Algo insólito se palpa desde hace algunas semanas en las calles de la Ciudad Luz, famosa no sólo por su belleza y su infinita oferta cultural, sino también -y para los turistas japoneses, sobre todo- por la manifiesta falta de amabilidad de sus habitantes. La gente empezó a sonreír colectivamente, se muestra más alivianada que nunca. El clásico parisino malhumorado que se queja de todo permanentemente, fiel a su legendario pesimismo, parece estar enterrando la esencia de su personalidad.

 

Me dirá usted, estimadísimo lector, que es totalmente normal porque llegó el verano y con el sol se dispara el nivel de serotonina y dopamina que tanto influyen en nuestro estado de ánimo. Y yo le contestaré que en años pasados también tuvimos periodos estivales espectaculares, no obstante la angustia seguía marcando los rostros de los cabizbajos capitalinos.

 

¿Cómo explicar entonces el fenómeno, este soplo de aire fresco que recorre París y toda Francia? Luego de tantos años de depresión, miedo al terrorismo y penuria económica, estamos observando, sin duda alguna, “el efecto Macron”, que de hecho ya traspasó fronteras.

 

Con sólo 39 años de edad y casi novato en la política, el liberal reformista Emmanuel Macron conquistó la Presidencia de la República enarbolando la confianza salpicada de optimismo en la capacidad creativa y empresarial de sus compatriotas, eso sí, siempre exhibiendo una sonrisa que brilló como una estrella durante largos meses de campaña electoral. Hizo de esta ruptura de inercias, de la esperanza en una Francia renovada y poderosa en la escena internacional, la pieza fundacional de su proyecto.

 

Si antes ver sonreír a un francés era una rareza, ver sonreír a un político francés entraba en la esfera de lo puramente imaginario. Moraleja: la sonrisa, la expresión facial más contagiosa, es la mejor arma de los mandatarios en un país invadido hasta hace poco por un monstruoso desaliento.

 

Macron lleva poco más de dos meses en el poder y logró proyectarse como un nuevo líder del mundo libre.

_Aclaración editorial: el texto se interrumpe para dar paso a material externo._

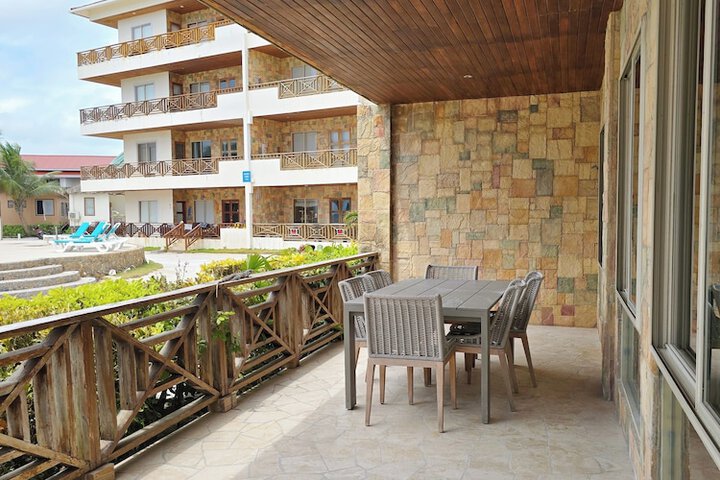 Hotel 895 of 927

Culto, “cool”, moderno, cosmopolita, pragmático, arrancó suspiros del planeta, del G-20, G-7, la OTAN, la Unión Europea, y lo que resulta aún más heroico, consiguió que los propios franceses se hayan hartado de su mítica insatisfacción.

 

La macromanía se extiende como la pólvora por Europa. Ser francés vuelve a estar de moda. Todas las miradas se dirigen hacia París, donde un joven y carismático mandatario dibuja un nuevo mapa anímico del Viejo Continente.

 

No se dejó intimidar ni por Putin ni por Trump, los machos alfa del populismo global. Al contrario, deslumbró a ambos, además en su propia cancha, con el manejo más que perfecto de los gestos, los símbolos, la puesta en escena.

 

Para el encuentro del hombre fuerte de Rusia eligió el emblema más suntuoso de la grandeza de Francia: el Palacio de Versalles. Para Trump desplegó la alfombra roja en escenarios no menos majestuosos: el Palacio de los Inválidos, donde descansan los restos de Napoleón Bonaparte, la Torre Eiffel y, por supuesto, no podían faltar los Campos Elíseos el día del tradicional desfile militar del 14 de julio, fiesta nacional de Francia. Lo hizo a sabiendas de que el ocupante de la Casa Blanca adora los fastos, la fuerza, las paradas militares. Consiguió dejar boquiabierto a quien parecía un contrincante, por sus simpatías nacionalpopulistas y por su reticencia a aceptar los nefastos efectos del cambio climático.

 

Ahora bien, ¿qué frutos han dado todos estos movimientos de las piezas de ajedrez macroniano? Ya tenemos uno muy concreto: el índice anual Soft Power30, publicado por la agencia de comunicación británica Portland asegura que la Francia de Macron se ha convertido en el país más influyente del mundo en el campo del llamado soft power, es decir, la capacidad de convencer y transmitir ideas a través de los medios no coercitivas, como la cultura o la economía.

 

Suena maravilloso. Ahora sólo falta que el flamante Presidente no defraude las expectativas.